Lloyd's Law Reporter
WEIR SERVICES AUSTRALIA PTY LTD V AXA CORPORATE SOLUTIONS ASSURANCE
[2017] NSWSC 259, New South Wales Supreme Court, Justice Hammerschlag, 17 March 2017
Insurance (liability) - Claim settled by assured prior to arbitration award - Award dismissing claim against assured - Whether insurers liable for settlement - Whether insurers liable for defence costs - Meaning of "occurrence" - Claims condition
Weir, an Australian company, entered into an agreement with a Philippines corporation, Phil Gold, under which Weir agreed to do certain refurbishment work - including welding - on a semi-autogenous grinding mill. The circumferential weld installed by Weir disintegrated in July 2011, leading to the failure of the SAG Mill. Phil Gold commenced arbitration proceedings in December 2013, seeking damages of some US$68 million.
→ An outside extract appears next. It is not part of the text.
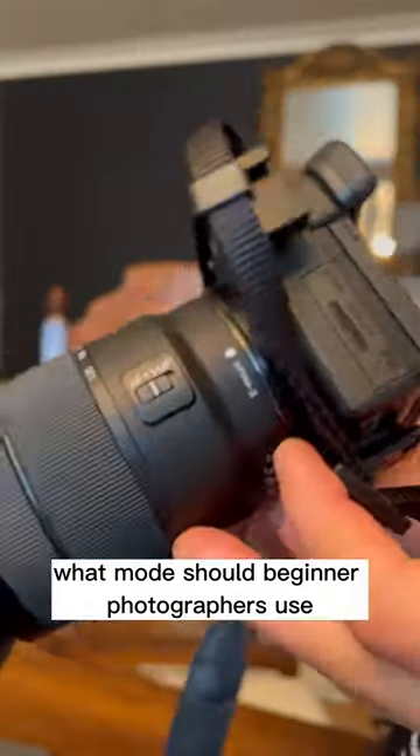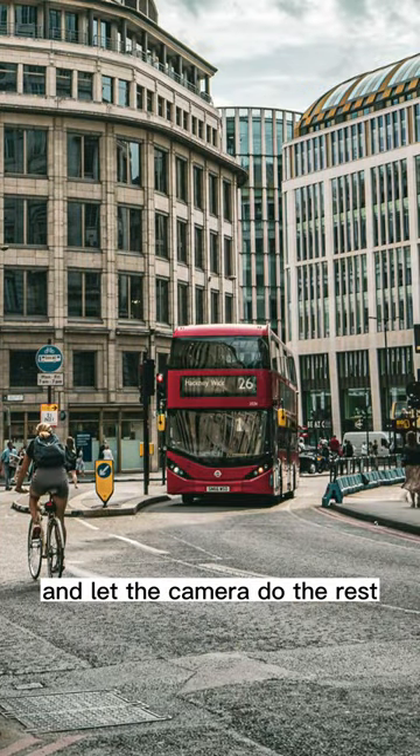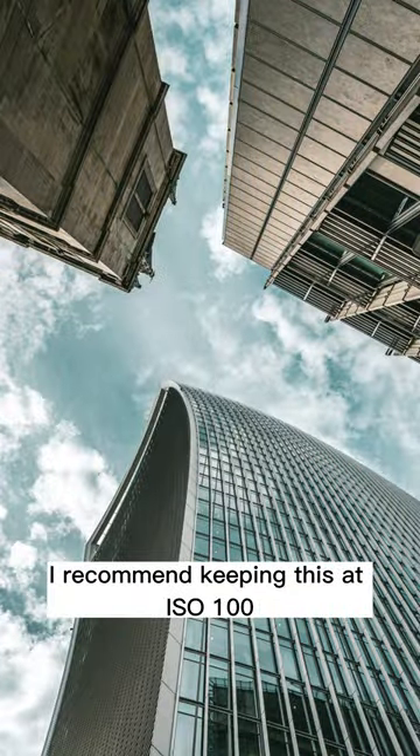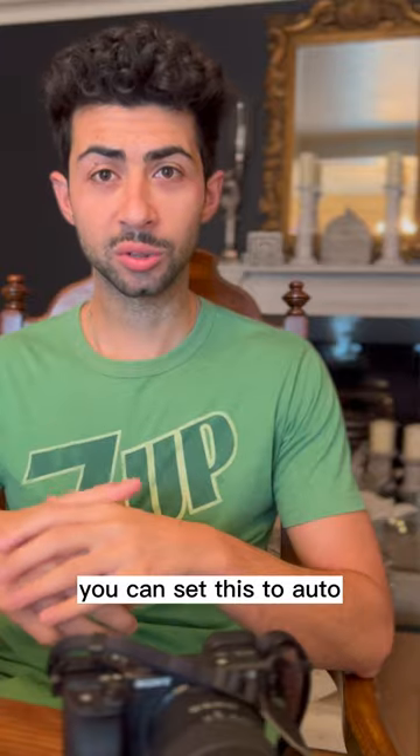What mode should beginner photographers use? In my experience, the easiest mode to start with is aperture priority mode. Control the amount of light or what's in focus and let the camera do the rest. I recommend keeping ISO at 100, but if lighting situations are a little tricky, you can set this to auto.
In December 2015, before the conclusion of the arbitration, the parties entered into a "cap and collar" agreement under which Phil Gold agreed that if it was successful in recovering damages from Weir, the amount would be capped at US$10,725,000 (the cap) in consideration for Weir agreeing to pay Phil Gold a minimum fixed amount of US$2 million whatever the outcome of the arbitration proceedings (the collar).The award, issued on 16 January 2016, dismissed Phil Gold's claim. That meant Weir was liable to pay US$2 million under the collar, and along with defence costs, totalling US$7.6 million. There were two relevant policies held by Weir, issued by AXA: a global liability policy issued in England governed by English law, and a local broadform liability policy issued in Australia governed by the law of New South Wales. The global policy applied if there was no cover under the broadform policy. The court dismissed claims under both policies.